• _Description of the task_: Whatever follows the line containing "Lip Filler.png" in the listing below should be printed exactly, along with that line itself.

• _Records for this task_:
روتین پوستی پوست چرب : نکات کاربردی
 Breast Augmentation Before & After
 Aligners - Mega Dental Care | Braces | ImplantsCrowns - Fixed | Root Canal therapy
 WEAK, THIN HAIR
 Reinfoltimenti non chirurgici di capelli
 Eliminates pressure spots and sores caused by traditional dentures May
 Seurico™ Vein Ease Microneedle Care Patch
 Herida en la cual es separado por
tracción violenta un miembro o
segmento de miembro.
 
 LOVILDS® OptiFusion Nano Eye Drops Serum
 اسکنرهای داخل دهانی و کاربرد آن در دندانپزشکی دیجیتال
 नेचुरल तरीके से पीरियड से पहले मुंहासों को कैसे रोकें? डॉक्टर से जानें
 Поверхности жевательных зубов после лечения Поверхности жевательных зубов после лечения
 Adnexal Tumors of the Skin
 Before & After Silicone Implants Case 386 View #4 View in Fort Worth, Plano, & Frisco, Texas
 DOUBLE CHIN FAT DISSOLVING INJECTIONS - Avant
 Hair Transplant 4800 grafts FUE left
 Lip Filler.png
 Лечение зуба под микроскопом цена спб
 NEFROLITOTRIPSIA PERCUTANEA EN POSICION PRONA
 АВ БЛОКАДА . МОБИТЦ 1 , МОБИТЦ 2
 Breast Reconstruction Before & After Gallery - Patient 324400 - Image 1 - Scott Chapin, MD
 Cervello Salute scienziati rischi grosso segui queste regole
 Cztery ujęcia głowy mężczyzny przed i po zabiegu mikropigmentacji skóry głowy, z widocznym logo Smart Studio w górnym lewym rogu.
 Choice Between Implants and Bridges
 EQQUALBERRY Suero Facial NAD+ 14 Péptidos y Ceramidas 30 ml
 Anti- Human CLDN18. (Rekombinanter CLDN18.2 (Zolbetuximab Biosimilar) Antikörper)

• _Answer to the problem_:
 Lip Filler.png
 Лечение зуба под микроскопом цена спб
 NEFROLITOTRIPSIA PERCUTANEA EN POSICION PRONA
 АВ БЛОКАДА . МОБИТЦ 1 , МОБИТЦ 2
 Breast Reconstruction Before & After Gallery - Patient 324400 - Image 1 - Scott Chapin, MD
 Cervello Salute scienziati rischi grosso segui queste regole
 Cztery ujęcia głowy mężczyzny przed i po zabiegu mikropigmentacji skóry głowy, z widocznym logo Smart Studio w górnym lewym rogu.
 Choice Between Implants and Bridges
 EQQUALBERRY Suero Facial NAD+ 14 Péptidos y Ceramidas 30 ml
 Anti- Human CLDN18. (Rekombinanter CLDN18.2 (Zolbetuximab Biosimilar) Antikörper)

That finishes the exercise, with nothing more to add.